Extracted records
:::::
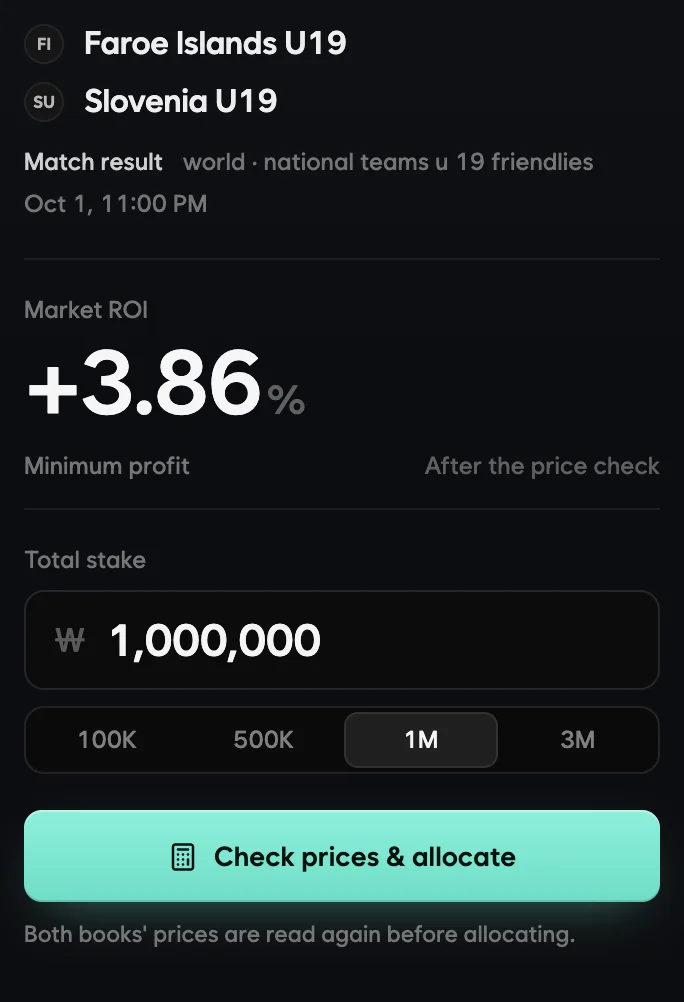 The ticket before its check: market ROI +3.86% and the Check prices & allocate button.
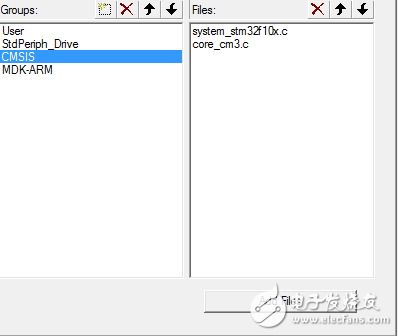 通過STM32固件庫V3.5.0來建立一個(gè)簡(jiǎn)單的工程模版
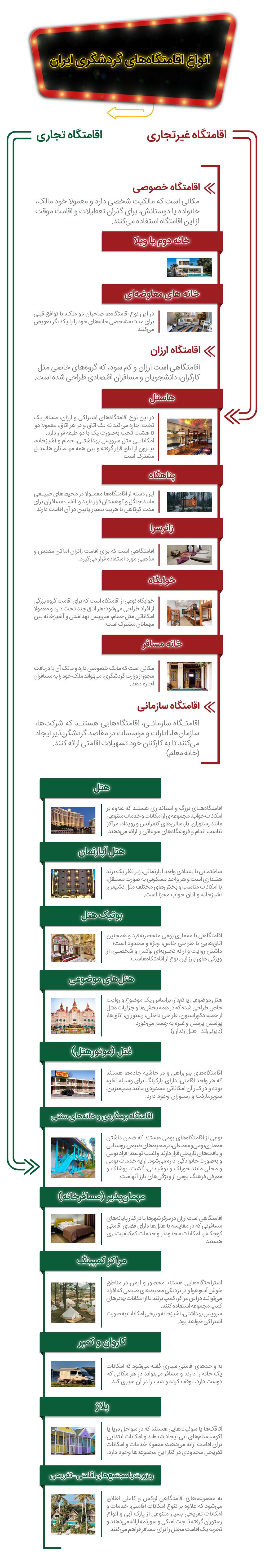 اینفوگرافیک انواع اقامتگاه‌ در ایران | از هتل تا هاستل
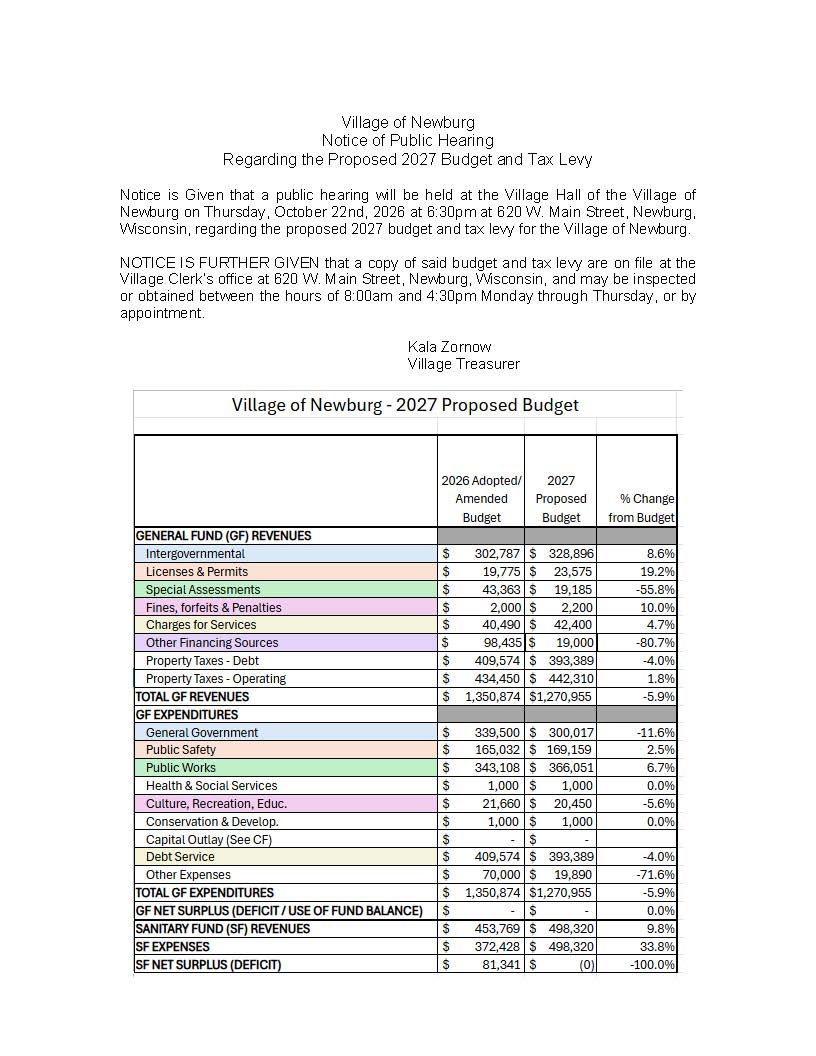 Public Hearing for Proposed 2027 Budget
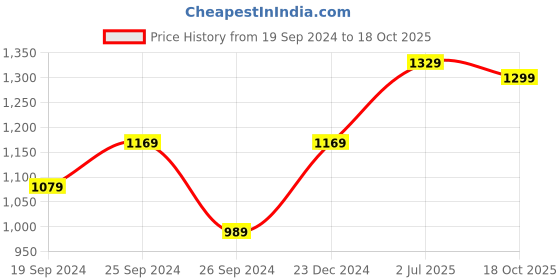 myntra.com Panzora Floral Printed Saree panzora Price History Graph from 19 Sep 2024 to 18 Oct 2025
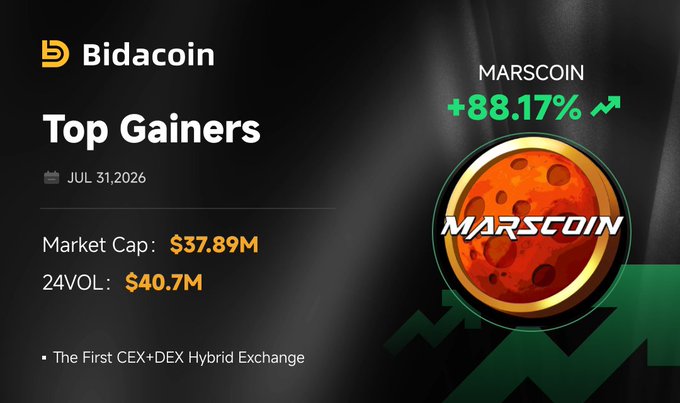 A Bidacoin 'Top Gainers' graphic for July 31, 2026, highlighting Marscoin with a +88.17% gain, showing a Market Cap of $37.89M, 24H Volume of $40.7M, and labeled as 'The First CEX+DEX Hybrid Exchange'.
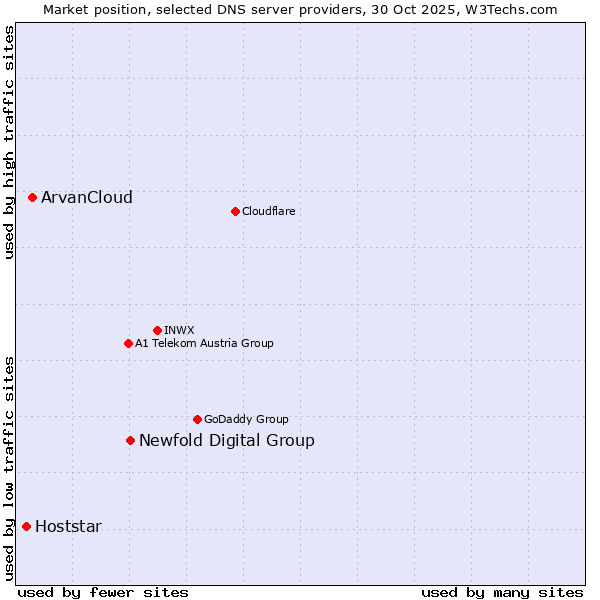 Market position of Newfold Digital Group vs. ArvanCloud vs. Hoststar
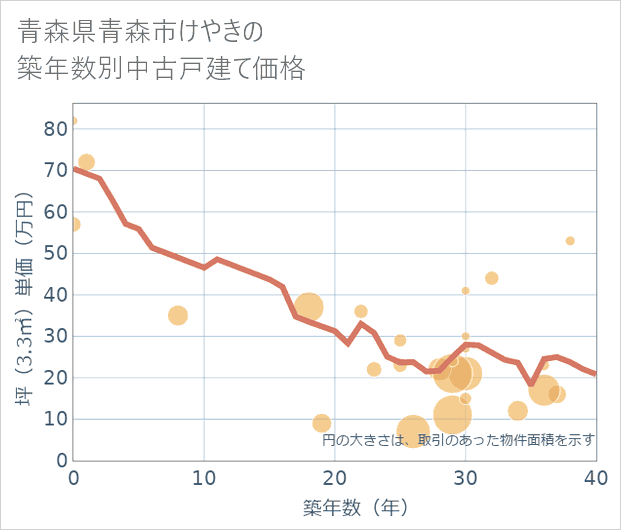 青森県青森市けやきの築年数別の中古戸建て坪単価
:::::
# [WHAT IS EXPECTED]
The lines from the one containing "myntra.com Panzora Floral" through the last line of the entries are to be copied exactly, both ends included, and the pictures are to be omitted.

# [RESPONSE BELOW]
 myntra.com Panzora Floral Printed Saree panzora Price History Graph from 19 Sep 2024 to 18 Oct 2025
 A Bidacoin 'Top Gainers' graphic for July 31, 2026, highlighting Marscoin with a +88.17% gain, showing a Market Cap of $37.89M, 24H Volume of $40.7M, and labeled as 'The First CEX+DEX Hybrid Exchange'.
 Market position of Newfold Digital Group vs. ArvanCloud vs. Hoststar
 青森県青森市けやきの築年数別の中古戸建て坪単価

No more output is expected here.